Archive for the ‘Uncategorized’ Category

Handling Errors in ABC

May 24, 2012

When I started thinking I should write yesterday’s post and started testing the Ed Reavy ABC file, I quickly ran into one of the module’s limitations that I thought I should fix before claiming ABC was a useful program.

When I started trying the Reavy file, if the ABC file ran into an error in the ABC file, it would frequently just hang. Now, it was relatively easy to track down the erroneous ABC at that point, because the ABC Actions class prints all the title fields it finds as it finds them. You’d watch the list of tune names going by, and if it stopped the list before the tune file was done and just sat there, you knew something was wrong with that tune.

That’s okay for a toy program that only I play with, but it’s unacceptable for a serious program other people can use. I had a theory about what caused it: when the grammar hit something it didn’t understand, it started backtracking to try to find a correct way of interpreting the file. Since there was no correct way, that resulted in a painfully long attempt to repeatedly re-interpret the bad data.

So I asked how to stop backtracking grammar regexes on #perl6. They helpfully suggested changing the ABC grammar’s regex methods to token, because token suppresses backtracking. I tried just changing one method, and that didn’t help. I tried changing them all, and that failed some tests. I changed one method back, and suddenly all the tests passed, and the grammar no longer hung on ABC file errors!

That was a huge improvement, but it was still only marginally helpful at figuring out what the problem in ABC file was. Once I was done with yesterday’s post, I tried to figure out how to get better information about where the parsing problem was. I hit upon a simple method.
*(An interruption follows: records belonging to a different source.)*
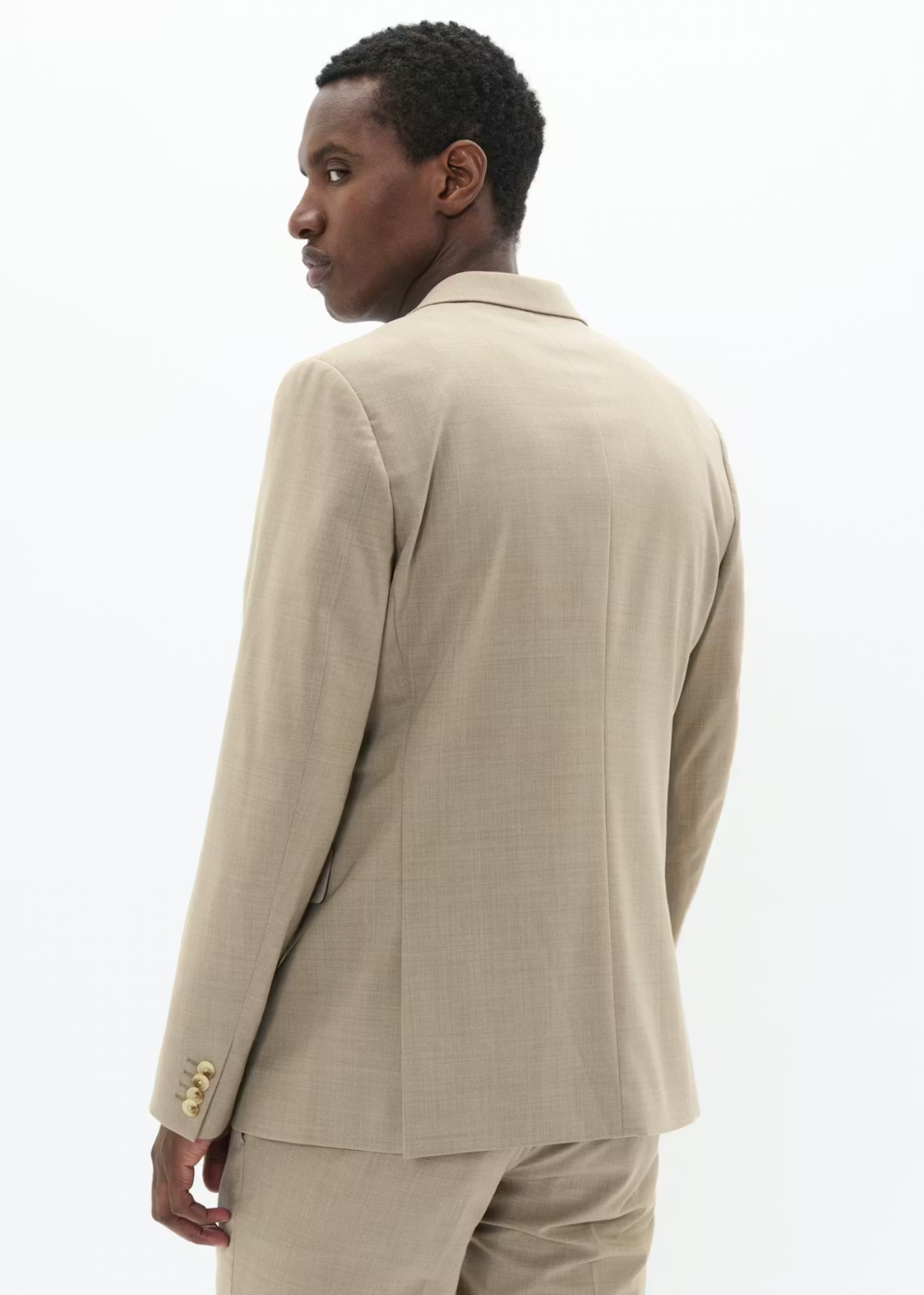 George Blazer - Plaza Taupe - Matinique Canada - Danali - 30208091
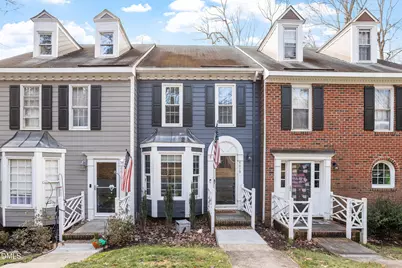 4619 Hershey Court, Raleigh, NC 27613 - Photo 1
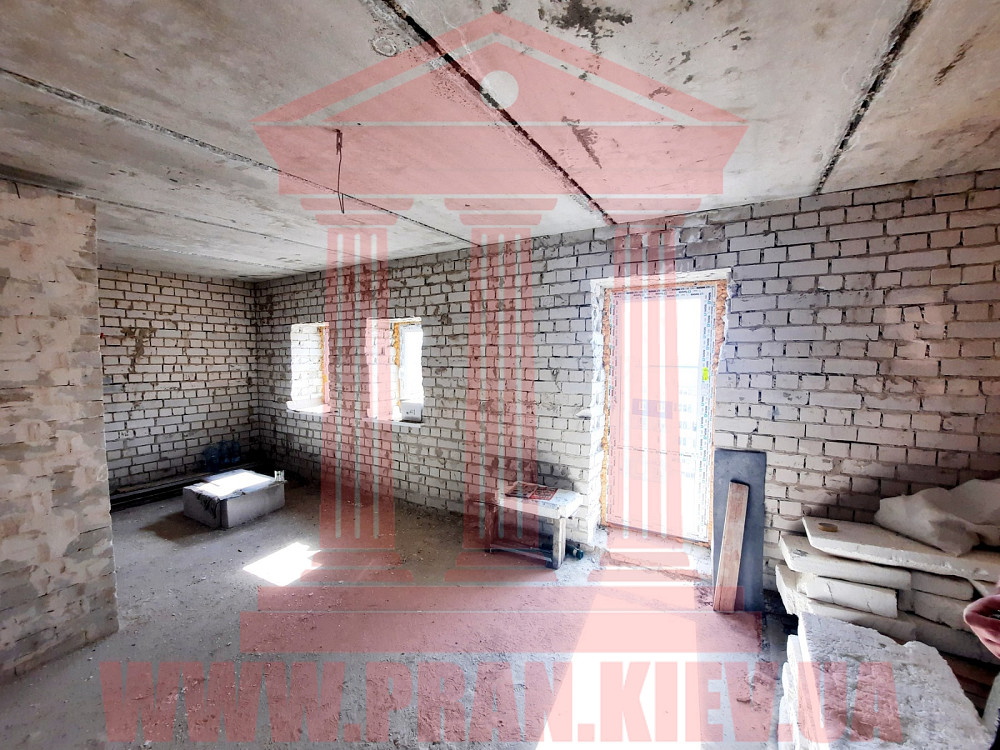 Продаж приміщення вільного призначення на Нова, 4 поверх - 10/10 Бориспіль - фото 4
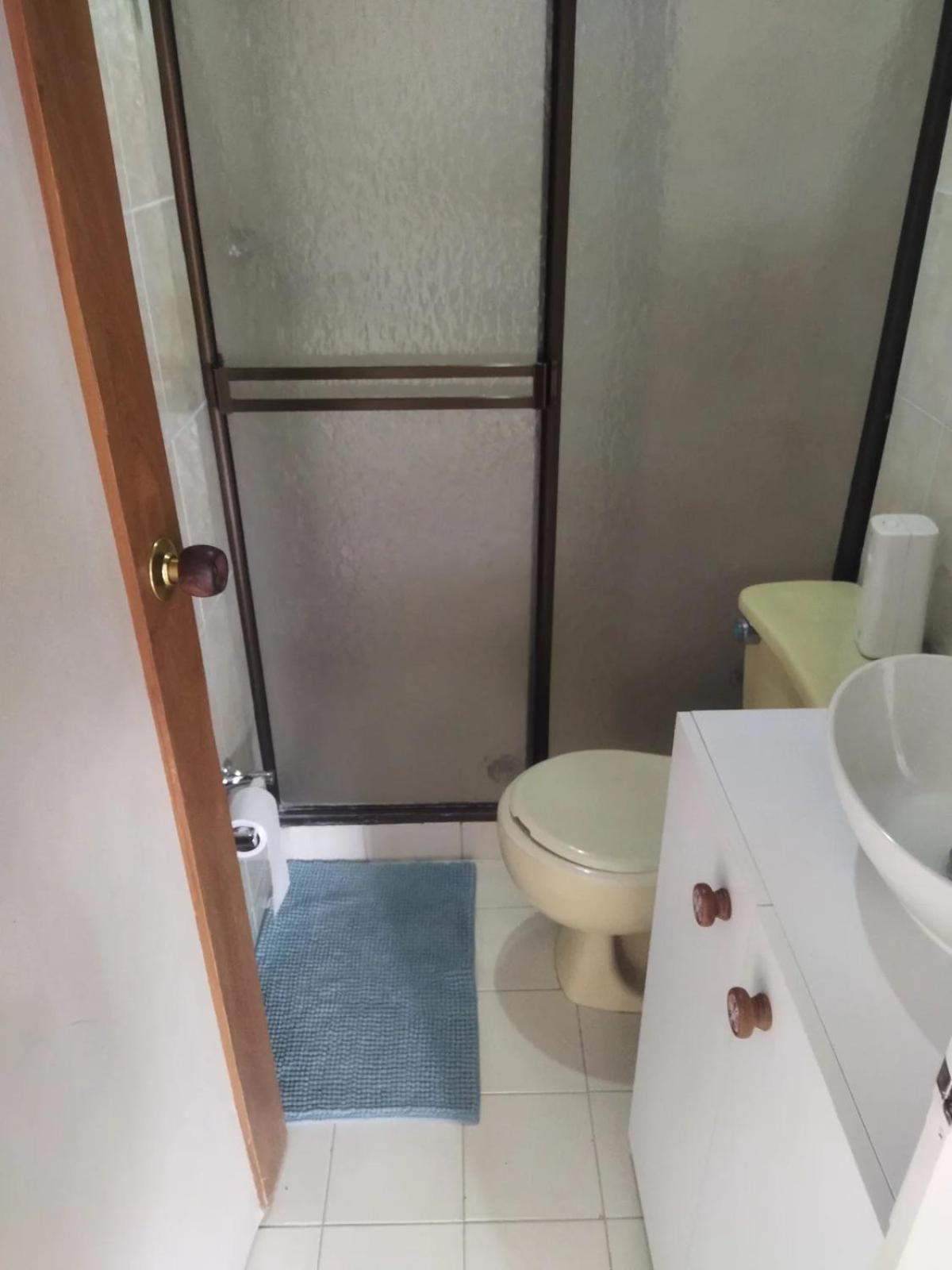 麦德林Casa 4公寓 外观 照片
I added a $.current-tune attribute to the ABC::Actions class. When the action for a tune title fires, it clears this attribute and sets it to the tune title:

    method header_field($/) {
        if $<header_field_name> eq "T" {
            $*ERR.say: "Parsing " ~ $<header_field_data>;
            $.current-tune = $<header_field_data> ~ "\n";
        }
        
        make ~$<header_field_name> => ~$<header_field_data>;
    }

When the action method for the bar token fires, it adds the string of the bar to $.current-tune. When the action method for line_of_music fires, it adds a newline. And when a fatal error occurs parsing an ABC file, it prints out this attribute, resulting in error messages that look like this:

Unhandled exception: Did not match ABC grammar: last tune understood:
 Silent The Lonely Glen
g/2f/2|ed/2B/2 AG/2A/2|B/2d^c/2 dg/2f/2|ed/2B/2 AG/2A/2|
B/2>A/2G/2

While this isn’t an exact reproduction of what’s in the tune, it’s close enough to easily show where the problem is:

g/2f/2|ed/2B/2 AG/2A/2|B/2d^c/2 dg/2f/2|ed/2B/2 AG/2A/2|
B/2>A/2G/2/F/2 eg/2f/2|ed/2B/2 ba/2g/2|g/2f/2e/2^d/2|

You just look at where the grammar stopped understanding the file, and the error pops right out if you know ABC: B/2>A/2G/2/F/2. Delete that duration not attached to a note, and the grammar will zip right through the tune.
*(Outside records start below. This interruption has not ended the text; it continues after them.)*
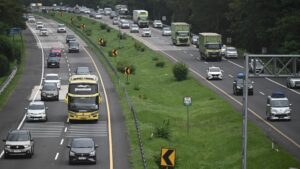 Jurus Ampuh Korlantas Bikin Tol Cipali Mulus Total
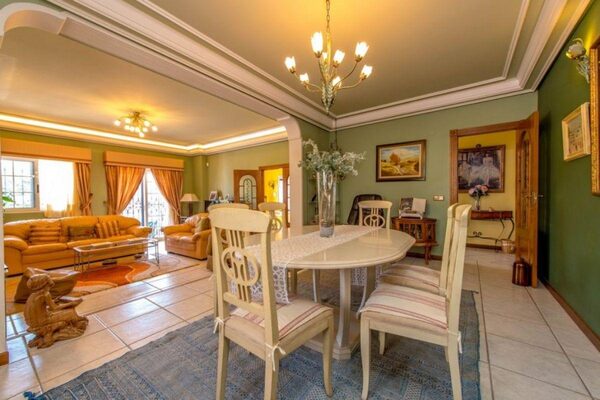 Villa in Torrevieja, Spain, 500m² - image 11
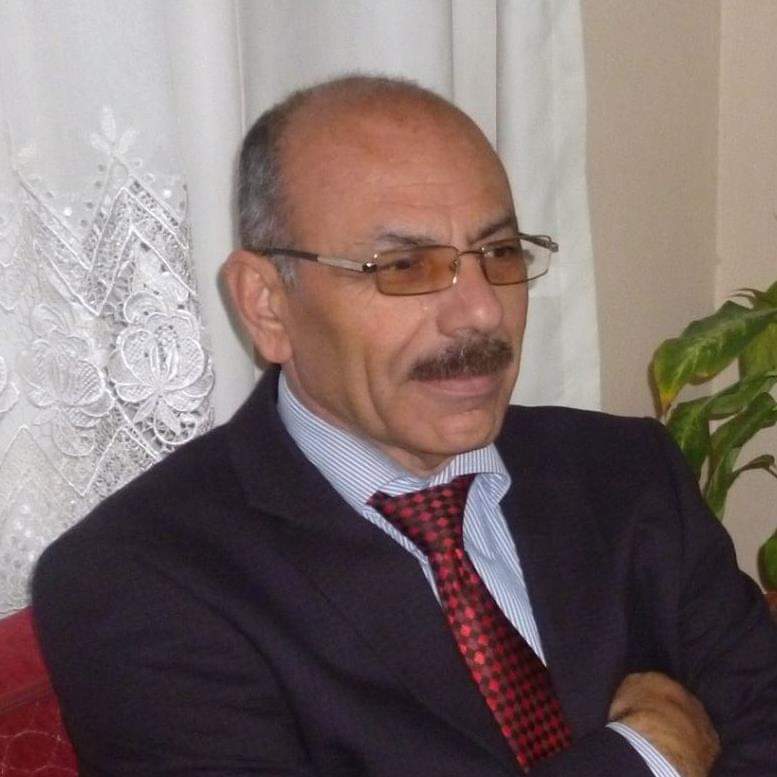 Mehmet EROĞLU
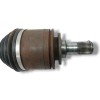Recambio de transmision trasera derecha para mitsubishi montero (v80/v90) (2006 - ...) 3.2 di-d cat referencia OEM IAM 3715A099 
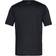 Under Armour Big Logo Short Sleeve T-shirt - Black/Graphite
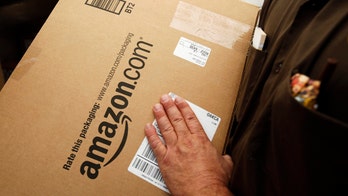 Amazon plans smartphone with 3D screen
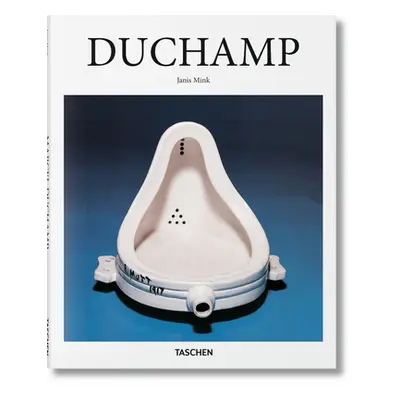 "Duchamp" - "" ("Mink Janis")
I’m sure there are more sophisticated ways to handle errors in parsing available in Perl 6, because the STD grammar uses them to give you great error messages. But this is a simple technique which is pretty handy.

About ABC

May 23, 2012

I’ve referenced the ABC module a number of times over the years on this blog, but I don’t think I’ve ever properly explained it. I think it’s particularly relevant with the recurring discussions going on about Perl 6′s “production readiness”, because at this point the abc2ly.pl script in the module is a productive tool I am using on a regular basis. One that would have been harder to write in almost any other programming language, I should add.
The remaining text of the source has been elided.